■ Given data
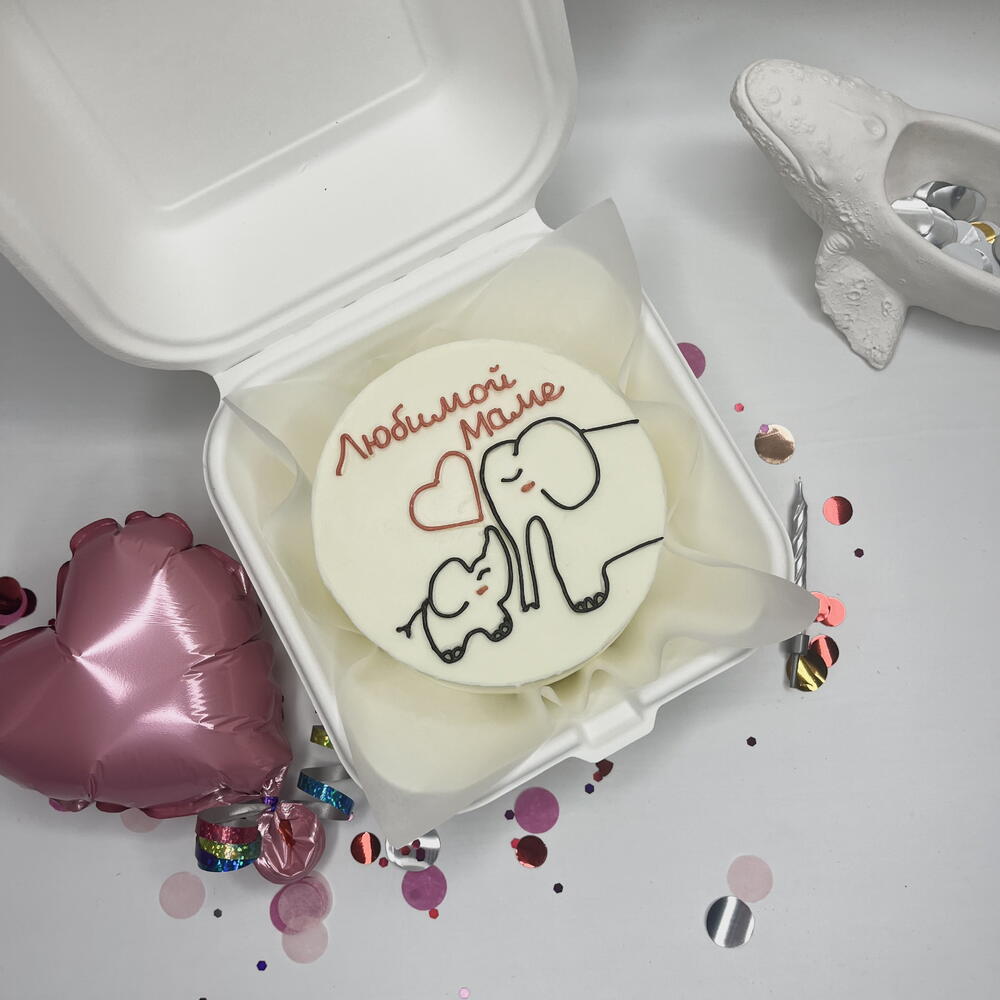 Бенто «Любимой маме»торт на День Матери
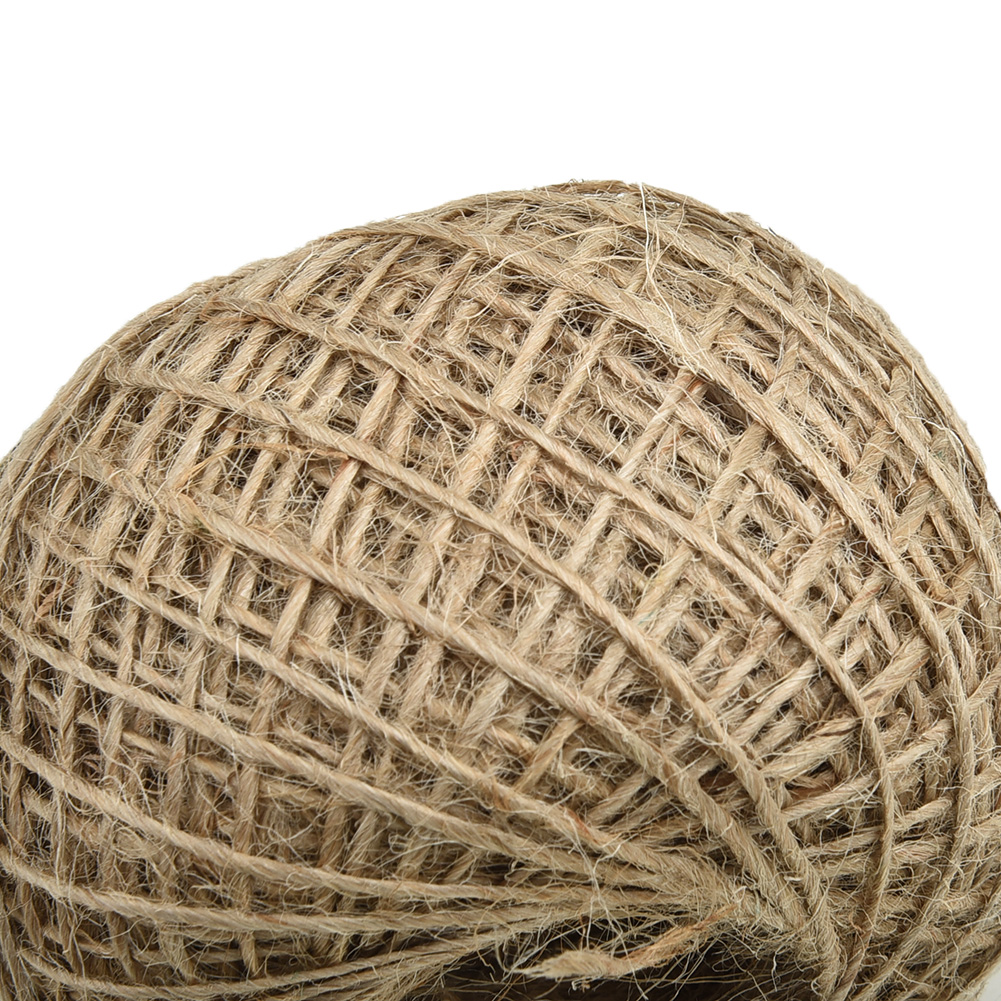 New 100m Long Linen Rope Jute  - مراجعة Twine Jute Natural وسعره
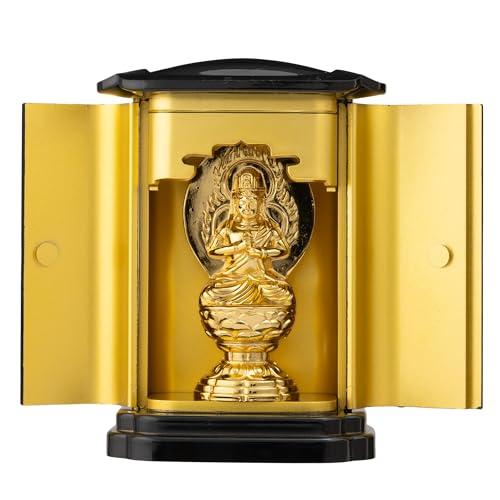 仏像 大日如来(純金メッキ) PC厨子入り 仏師：渡辺景秋 原型＿ 未・申年生まれ 干支 十二支 守...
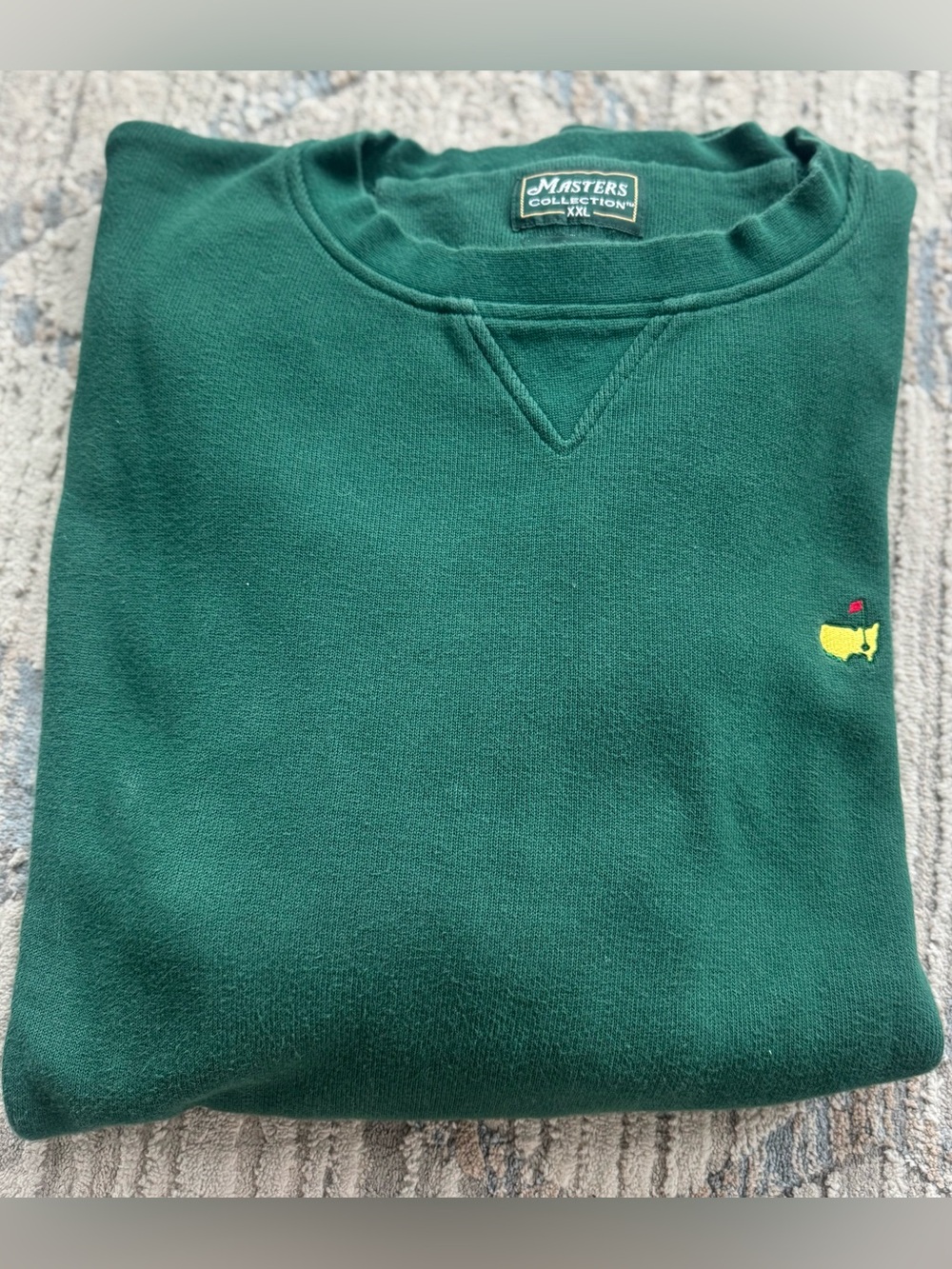 Vintage Masters Collection Sweatshirt Mens XXL Green Augusta Crew Neck Golf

■ What to do
With the pictures removed, write the listing out word for word.

■ Output for this exercise
 Бенто «Любимой маме»торт на День Матери
 New 100m Long Linen Rope Jute  - مراجعة Twine Jute Natural وسعره
 仏像 大日如来(純金メッキ) PC厨子入り 仏師：渡辺景秋 原型＿ 未・申年生まれ 干支 十二支 守...
 Vintage Masters Collection Sweatshirt Mens XXL Green Augusta Crew Neck Golf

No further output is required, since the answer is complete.